ASSIGNMENT: Would you repeat the listing below verbatim and drop the images?

(Beginning of SUPPLIED DATA)

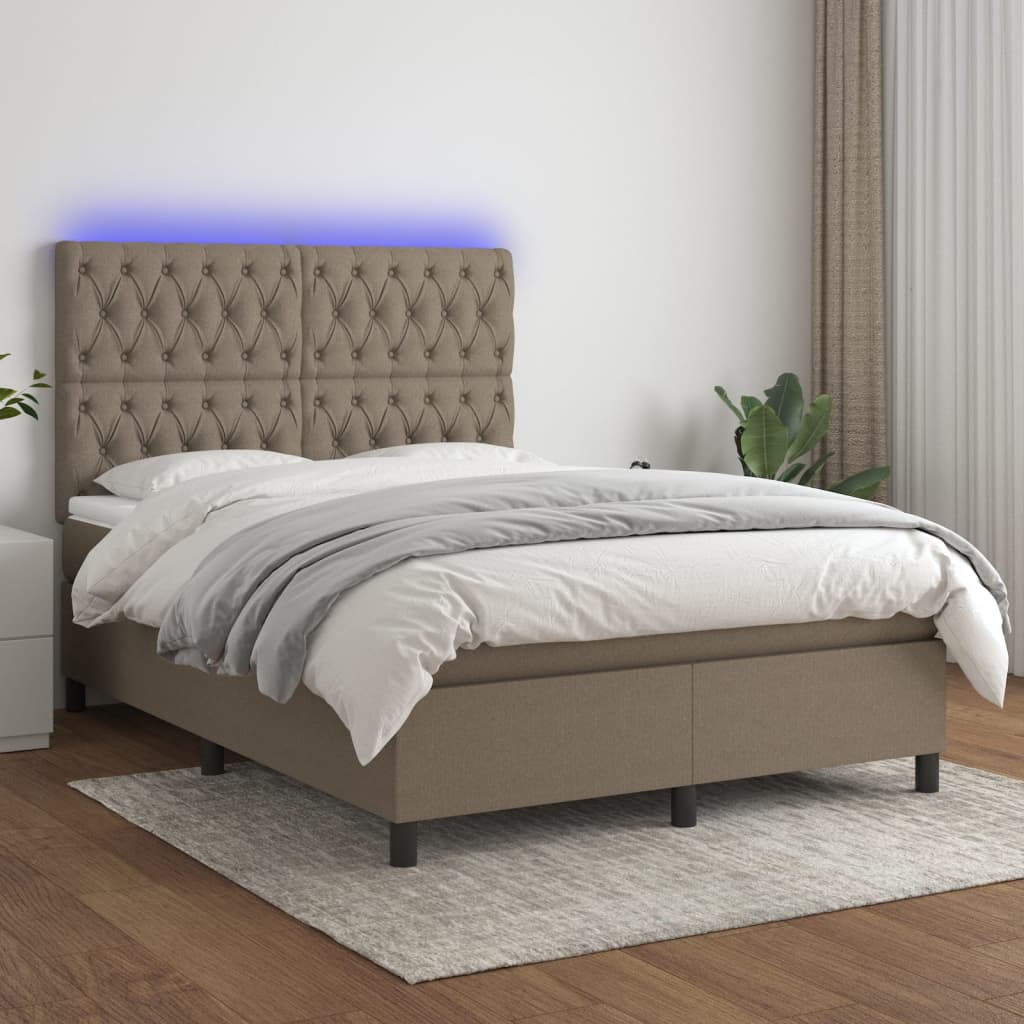 Sommier à lattes de lit et matelas et LED Taupe 140x190cm Tissu - XIOS
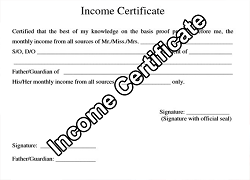 income certificate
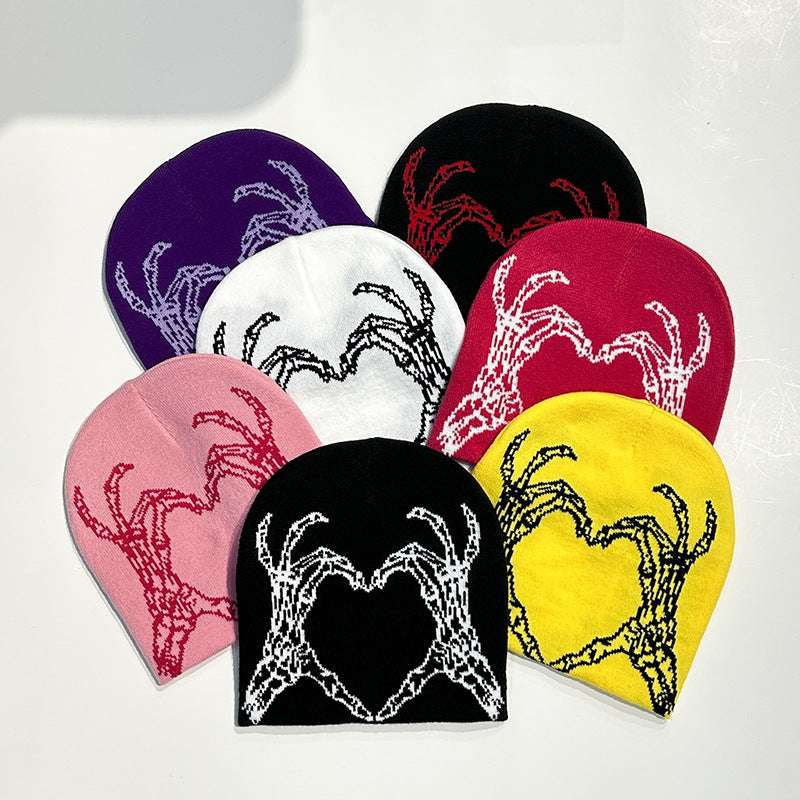 Heart-shaped Skull Hand-held Flower Knitted Wool Hat - globaltradeleader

(End of SUPPLIED DATA)

ANSWER FOR THE TASK:
 Sommier à lattes de lit et matelas et LED Taupe 140x190cm Tissu - XIOS
 income certificate
 Heart-shaped Skull Hand-held Flower Knitted Wool Hat - globaltradeleader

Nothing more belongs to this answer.